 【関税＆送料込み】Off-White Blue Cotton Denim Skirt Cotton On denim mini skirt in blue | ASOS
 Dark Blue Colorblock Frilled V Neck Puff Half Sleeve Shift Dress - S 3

...

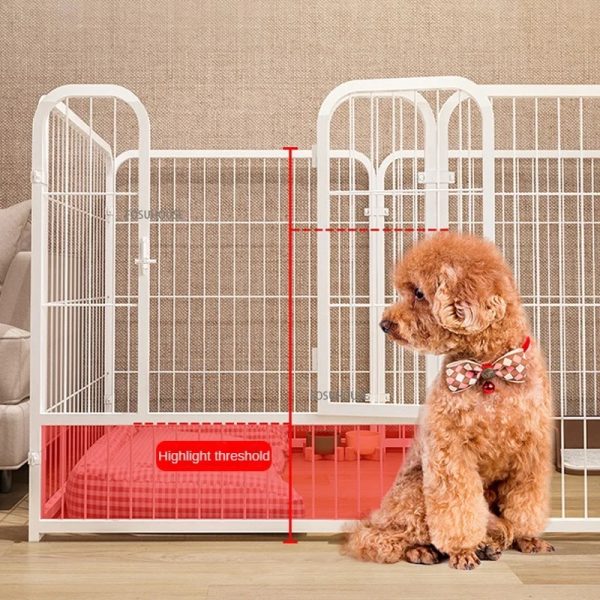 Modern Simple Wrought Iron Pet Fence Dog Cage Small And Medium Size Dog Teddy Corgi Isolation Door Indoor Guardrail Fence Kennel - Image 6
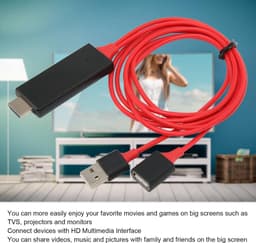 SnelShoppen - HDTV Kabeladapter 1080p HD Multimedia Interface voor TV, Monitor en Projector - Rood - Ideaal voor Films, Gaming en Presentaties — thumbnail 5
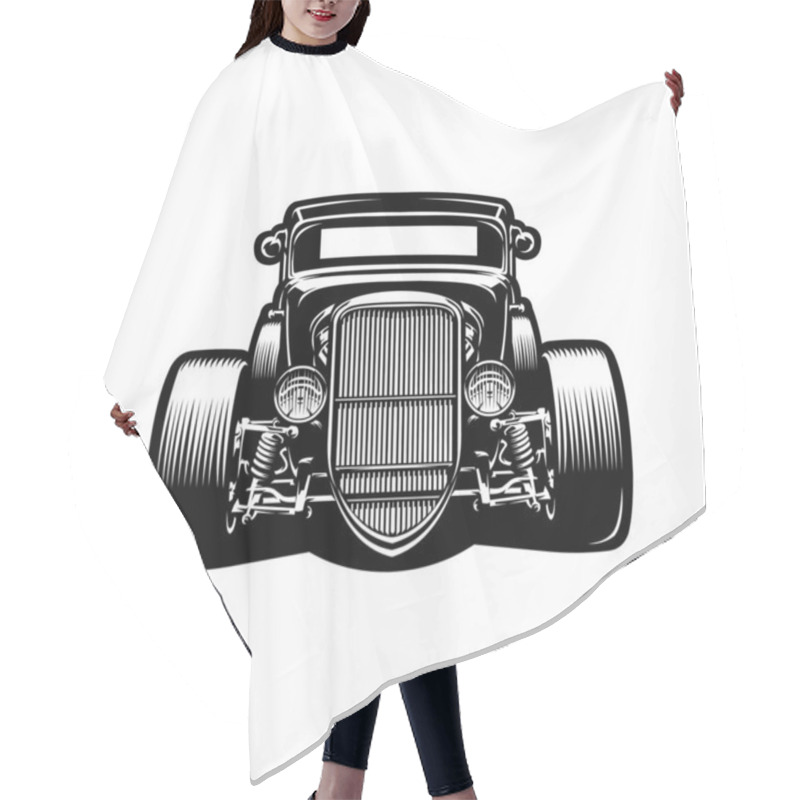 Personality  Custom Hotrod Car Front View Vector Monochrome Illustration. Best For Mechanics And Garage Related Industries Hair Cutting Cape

### Aim of the exercise
Beginning with the line holding "blue | ASOS" and ending with the line holding "Dark Blue Colorblock", write out the stretch of material above exactly; add no further lines.

### Result for this task
 【関税＆送料込み】Off-White Blue Cotton Denim Skirt Cotton On denim mini skirt in blue | ASOS
 Dark Blue Colorblock Frilled V Neck Puff Half Sleeve Shift Dress - S 3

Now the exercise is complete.